Prompt: Look through the records below for the line with "New 2026 Ford" and the line with "和田玉未镶嵌珠宝半成品", then return those lines and all lines between, exactly.

━━━━━━━━━━━━━━━━

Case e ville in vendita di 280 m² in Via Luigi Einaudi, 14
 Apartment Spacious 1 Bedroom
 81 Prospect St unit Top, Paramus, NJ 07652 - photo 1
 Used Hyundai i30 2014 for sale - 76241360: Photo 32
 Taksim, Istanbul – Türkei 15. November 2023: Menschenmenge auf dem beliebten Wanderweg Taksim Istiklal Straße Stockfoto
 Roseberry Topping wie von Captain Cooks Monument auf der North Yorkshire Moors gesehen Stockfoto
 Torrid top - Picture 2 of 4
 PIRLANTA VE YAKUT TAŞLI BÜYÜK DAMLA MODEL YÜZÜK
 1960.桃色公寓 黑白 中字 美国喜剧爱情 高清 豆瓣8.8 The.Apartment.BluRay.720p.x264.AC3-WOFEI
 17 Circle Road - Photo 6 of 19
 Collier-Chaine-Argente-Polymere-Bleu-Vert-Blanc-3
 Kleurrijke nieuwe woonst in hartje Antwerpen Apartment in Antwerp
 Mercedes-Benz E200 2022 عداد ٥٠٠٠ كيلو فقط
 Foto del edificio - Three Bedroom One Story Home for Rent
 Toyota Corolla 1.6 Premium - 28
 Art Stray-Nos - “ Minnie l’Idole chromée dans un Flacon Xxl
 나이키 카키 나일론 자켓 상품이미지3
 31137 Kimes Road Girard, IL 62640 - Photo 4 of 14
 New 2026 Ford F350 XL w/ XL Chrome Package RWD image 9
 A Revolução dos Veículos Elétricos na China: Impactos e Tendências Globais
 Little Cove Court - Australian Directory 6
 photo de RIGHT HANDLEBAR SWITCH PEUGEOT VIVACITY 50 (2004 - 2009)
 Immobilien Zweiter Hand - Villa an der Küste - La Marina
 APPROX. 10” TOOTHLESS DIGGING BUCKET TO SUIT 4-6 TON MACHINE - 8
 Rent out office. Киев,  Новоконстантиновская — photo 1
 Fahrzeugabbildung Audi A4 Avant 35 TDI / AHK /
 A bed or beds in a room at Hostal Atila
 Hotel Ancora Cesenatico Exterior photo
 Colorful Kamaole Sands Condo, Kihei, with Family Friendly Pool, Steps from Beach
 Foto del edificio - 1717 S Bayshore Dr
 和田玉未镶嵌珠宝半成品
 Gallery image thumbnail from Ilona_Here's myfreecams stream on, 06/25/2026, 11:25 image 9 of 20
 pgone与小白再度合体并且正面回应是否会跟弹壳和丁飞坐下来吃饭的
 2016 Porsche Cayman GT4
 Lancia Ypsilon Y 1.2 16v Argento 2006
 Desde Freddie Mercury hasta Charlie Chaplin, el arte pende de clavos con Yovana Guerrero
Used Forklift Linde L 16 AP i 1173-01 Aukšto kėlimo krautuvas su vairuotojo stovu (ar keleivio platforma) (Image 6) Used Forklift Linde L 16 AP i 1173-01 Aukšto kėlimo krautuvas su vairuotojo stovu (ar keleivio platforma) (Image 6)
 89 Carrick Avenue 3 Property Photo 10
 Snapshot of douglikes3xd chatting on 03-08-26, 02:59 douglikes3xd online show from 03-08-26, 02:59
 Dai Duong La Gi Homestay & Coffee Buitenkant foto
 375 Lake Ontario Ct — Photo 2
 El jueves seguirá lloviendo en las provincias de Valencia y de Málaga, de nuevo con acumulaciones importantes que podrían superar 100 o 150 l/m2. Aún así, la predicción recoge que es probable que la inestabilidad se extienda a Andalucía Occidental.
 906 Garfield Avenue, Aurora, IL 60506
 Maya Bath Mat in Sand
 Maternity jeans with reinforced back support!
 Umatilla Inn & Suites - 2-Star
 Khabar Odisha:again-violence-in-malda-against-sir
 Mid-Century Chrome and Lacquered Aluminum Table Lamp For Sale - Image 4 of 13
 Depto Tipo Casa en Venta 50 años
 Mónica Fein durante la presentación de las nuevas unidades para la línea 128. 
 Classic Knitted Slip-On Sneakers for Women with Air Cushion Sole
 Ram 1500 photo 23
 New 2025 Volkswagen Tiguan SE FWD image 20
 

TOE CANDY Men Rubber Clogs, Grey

━━━━━━━━━━━━━━━━

Answer below:
 New 2026 Ford F350 XL w/ XL Chrome Package RWD image 9
 A Revolução dos Veículos Elétricos na China: Impactos e Tendências Globais
 Little Cove Court - Australian Directory 6
 photo de RIGHT HANDLEBAR SWITCH PEUGEOT VIVACITY 50 (2004 - 2009)
 Immobilien Zweiter Hand - Villa an der Küste - La Marina
 APPROX. 10” TOOTHLESS DIGGING BUCKET TO SUIT 4-6 TON MACHINE - 8
 Rent out office. Киев,  Новоконстантиновская — photo 1
 Fahrzeugabbildung Audi A4 Avant 35 TDI / AHK /
 A bed or beds in a room at Hostal Atila
 Hotel Ancora Cesenatico Exterior photo
 Colorful Kamaole Sands Condo, Kihei, with Family Friendly Pool, Steps from Beach
 Foto del edificio - 1717 S Bayshore Dr
 和田玉未镶嵌珠宝半成品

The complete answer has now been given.